Falling leaves, festivals, football, and fires; just a few things we love about the fall season. The weather cools and American families venture outdoors to get some fresh air before the sting of winter hits. Other than the fall activities, one thing we really do well is fall flavors. We know the season is changing when cinnamon, spice, and everything pumpkin hits the shelves. Pop-tarts, M&M’s, coffee, marshmallows, and even dog treats; pumpkin has made its way into every aisle in the store. But has it really?
Inspect almost any label and you will be lucky if you find a trace of real pumpkin in the ingredients list. Most of that delicious iconic taste comes from a blend of spices and artificial flavors. Not that this is a bad thing, I will take any excuse to drink coffee or toast marshmallows loaded with my favorite spices like cinnamon, nutmeg, ginger and cloves. The sad part is we are missing out on the best part of pumpkin, the pumpkin!
Pumpkins are more than just a vegetable porch sitter; they are a nutritional powerhouse. 1 cup of pumpkin contains only 50 calories and has plenty of the good stuff like 245% of your daily vitamin A, 20% of your daily vitamin C, and 3 grams of fiber.

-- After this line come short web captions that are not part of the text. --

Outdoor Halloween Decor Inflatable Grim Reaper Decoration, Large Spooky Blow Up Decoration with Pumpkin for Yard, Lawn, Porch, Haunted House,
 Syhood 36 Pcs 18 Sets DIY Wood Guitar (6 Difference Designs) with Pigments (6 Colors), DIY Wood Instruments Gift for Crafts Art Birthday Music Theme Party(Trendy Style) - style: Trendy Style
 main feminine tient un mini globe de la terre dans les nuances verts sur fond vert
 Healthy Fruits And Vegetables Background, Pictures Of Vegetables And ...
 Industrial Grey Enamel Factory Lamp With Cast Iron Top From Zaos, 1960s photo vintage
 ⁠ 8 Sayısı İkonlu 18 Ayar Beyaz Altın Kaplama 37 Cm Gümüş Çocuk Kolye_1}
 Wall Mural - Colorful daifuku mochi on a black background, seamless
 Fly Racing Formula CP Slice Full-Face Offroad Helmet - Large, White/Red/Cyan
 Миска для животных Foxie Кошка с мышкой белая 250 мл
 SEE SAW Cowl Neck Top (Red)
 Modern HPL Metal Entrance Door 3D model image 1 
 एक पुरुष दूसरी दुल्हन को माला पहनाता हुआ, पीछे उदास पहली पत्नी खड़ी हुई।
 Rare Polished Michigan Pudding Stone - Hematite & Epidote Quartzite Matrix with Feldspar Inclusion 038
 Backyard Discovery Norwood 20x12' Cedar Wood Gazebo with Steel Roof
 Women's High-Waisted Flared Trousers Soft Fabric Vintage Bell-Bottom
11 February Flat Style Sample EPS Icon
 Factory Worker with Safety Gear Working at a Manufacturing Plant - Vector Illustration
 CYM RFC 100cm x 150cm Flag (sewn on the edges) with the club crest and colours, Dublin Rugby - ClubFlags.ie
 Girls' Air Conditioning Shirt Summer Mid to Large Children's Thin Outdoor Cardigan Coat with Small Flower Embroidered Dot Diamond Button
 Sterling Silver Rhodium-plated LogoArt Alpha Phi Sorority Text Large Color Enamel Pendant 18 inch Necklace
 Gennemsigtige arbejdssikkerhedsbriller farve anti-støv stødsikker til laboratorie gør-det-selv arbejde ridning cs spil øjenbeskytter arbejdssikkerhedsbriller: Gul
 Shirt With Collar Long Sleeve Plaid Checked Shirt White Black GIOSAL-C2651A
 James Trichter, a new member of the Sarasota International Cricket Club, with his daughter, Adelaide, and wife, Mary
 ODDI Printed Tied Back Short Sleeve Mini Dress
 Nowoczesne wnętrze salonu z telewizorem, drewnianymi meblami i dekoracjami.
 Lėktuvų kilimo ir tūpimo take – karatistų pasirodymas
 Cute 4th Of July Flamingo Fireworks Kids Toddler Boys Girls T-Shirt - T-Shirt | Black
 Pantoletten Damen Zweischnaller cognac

So what keeps us from throwing a pumpkin in the oven for a healthy dinner? Well, just that, there is no “tossing it in the oven.” A pumpkin’s thick shell and slimy insides make for a rather labor intensive adventure, but potentially very fun and rewarding. Breaking down and cooking pumpkins can be a great activity to do with the kids. Show them pumpkin doesn’t always have to come from a can. Cooked pumpkin can be frozen for long term use and added to pancakes, muffins, smoothies, and soups year round. It even makes a healthy snack for your family dog. Think beyond pumpkin pie and give this a try.
How to Cook a Fresh Pumpkin
- When taking the family to pick out a pumpkin for the front porch be sure to choose one that is small to medium sized and has few blemishes and no holes.
- After a few weeks (or right away) you can cook your pumpkin. Wash the outside well with water to remove any dirt.
- Cut the pumpkin in half vertically with a sharp knife.
- Remove the stem and have the kids help take out the seeds and soft insides.
- Place flesh side down in a shallow baking dish. If the halves are too large for your baking dish, cut into quarters before baking.
- Bake for about 2 hours in a preheated oven at 350 degrees.
- Test with fork and bake until flesh is soft.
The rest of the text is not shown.